River in Fauske, Norway

The Sjønståelva, known as the Langvasselva in its upper course, is a river in Fauske Municipality in Nordland county, Norway. The river is located in the valley between the town of Fauske and the village of Sulitjelma.

==Geography==
The Sjønståelva is the main river of the Sulitjelma drainage system. The stretch from its source at Langvatnet (Long Lake) to the village of Sjønstå, where it empties into the lake Øvervatnet (lit. 'Upper Lake') has been developed into the Sjønstå Hydroelectric Power Station. The river has many small tributaries. Norwegian County Road 830 runs parallel to the Sjønståelva. The Sulitjelma Line formerly ran along the river. The drainage system is regulated by many hydroelectric stations. The river is 12.7 km long and has a drainage basin of 779.45 km2. The river's average discharge is 32.8 m3/s.

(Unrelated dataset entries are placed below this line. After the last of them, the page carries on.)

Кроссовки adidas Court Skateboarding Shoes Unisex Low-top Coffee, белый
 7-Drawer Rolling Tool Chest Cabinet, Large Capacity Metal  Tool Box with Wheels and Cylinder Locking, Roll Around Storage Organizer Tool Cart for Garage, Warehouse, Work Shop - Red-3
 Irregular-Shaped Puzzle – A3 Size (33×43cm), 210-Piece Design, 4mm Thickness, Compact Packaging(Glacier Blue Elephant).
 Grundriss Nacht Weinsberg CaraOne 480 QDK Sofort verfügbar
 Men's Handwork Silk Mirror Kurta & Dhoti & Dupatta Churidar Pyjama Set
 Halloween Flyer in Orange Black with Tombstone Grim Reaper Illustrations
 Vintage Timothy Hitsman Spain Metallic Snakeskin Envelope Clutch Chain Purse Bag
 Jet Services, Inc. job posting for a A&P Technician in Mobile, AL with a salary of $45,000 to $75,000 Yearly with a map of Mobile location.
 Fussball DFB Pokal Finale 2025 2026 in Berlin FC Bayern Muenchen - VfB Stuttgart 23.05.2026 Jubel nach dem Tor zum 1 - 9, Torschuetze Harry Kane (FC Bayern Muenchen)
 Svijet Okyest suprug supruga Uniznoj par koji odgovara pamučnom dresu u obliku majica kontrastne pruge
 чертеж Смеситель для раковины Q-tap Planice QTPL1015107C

The river gently flows from Langvatnet, but it has some rapids. The only waterfall is located at contour level 60 m, where the river runs through narrow sections with steep hillsides. The river has been seriously affected by pollution. After the Sjønstå power plant was built, large quantities of water flowed from Langvatnet down to Øvervatnet, and this has led to less pollution. The lower part of the river supports salmon and has a permanent population of trout.

==Hydroelectricity==
There are several hydroelectric power stations on the river operated by Salten Kraftsamband:
- The Sjønstå Hydroelectric Power Station with an installed capacity of 35 MW and an average annual production of 282 GWh
- The Lomi Hydroelectric Power Station with an installed capacity of 60 MW and an average annual production of 362 GWh
- The Fagerli Hydroelectric Power Station with an installed capacity of 24 MW and an average annual production of 252 GWh
- The Daja Hydroelectric Power Station with an installed capacity of 15 MW and an average annual production of 157 GWh

In 2013, a concession was requested from the Norwegian Water Resources and Energy Directorate to build the Sjønstå Falls Hydroelectric Power Station. It is planned to have an intake at 58.4 m at the existing threshold in the river. The installed capacity will be about 2.7 MW. According to the plan, the average annual production will be 7.3 GWh. The development will create a further reduction in water flow on a 1370 m stretch of the Sjønståelva. The planned release from the plant is a minimum of 600 L/s in the summer season and 150 L/s in the winter season.

There are also plans to create the Lappland Hydroelectric Power Station, which, if it is realized, will change the flow of water in the Sjønståelva significantly by drawing large quantities of water from Swedish watercourses into Norway.